### YOUR INSTRUCTIONS:
For this task, output exactly the lines of the material below starting at the line with "Foto 1 - Apartamento" and ending at the line with "ハイゼットカーゴ ＤＸ　届出"; pictures are to be excluded.

### DATA:
* * *

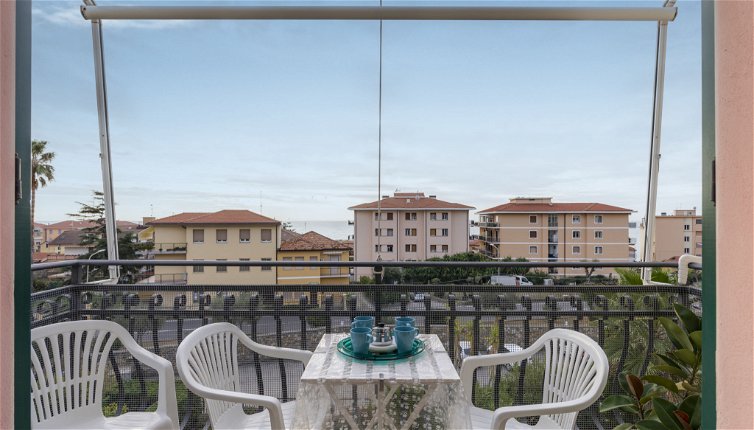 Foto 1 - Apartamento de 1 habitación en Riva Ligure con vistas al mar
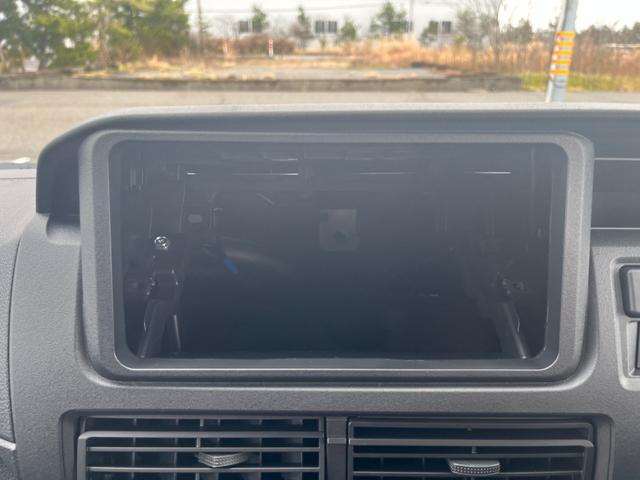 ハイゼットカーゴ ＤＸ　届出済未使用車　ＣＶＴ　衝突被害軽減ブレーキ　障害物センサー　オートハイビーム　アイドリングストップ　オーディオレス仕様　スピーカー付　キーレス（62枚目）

* * *

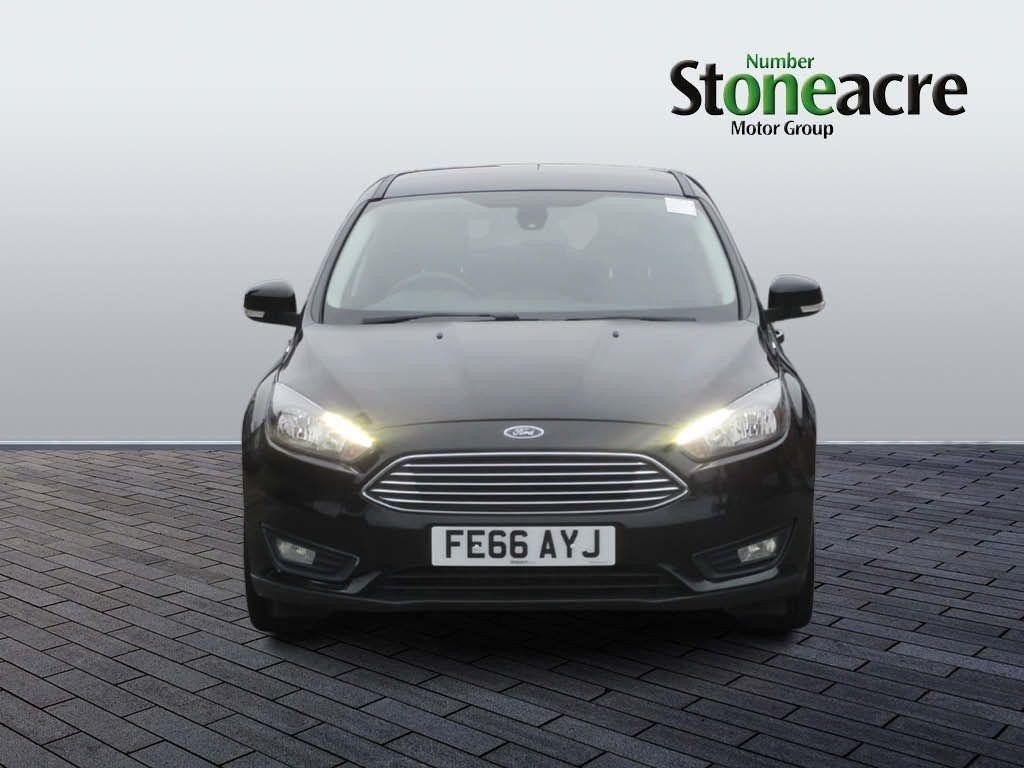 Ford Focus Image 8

* * *

### SOLUTION:
 Foto 1 - Apartamento de 1 habitación en Riva Ligure con vistas al mar
 ハイゼットカーゴ ＤＸ　届出済未使用車　ＣＶＴ　衝突被害軽減ブレーキ　障害物センサー　オートハイビーム　アイドリングストップ　オーディオレス仕様　スピーカー付　キーレス（62枚目）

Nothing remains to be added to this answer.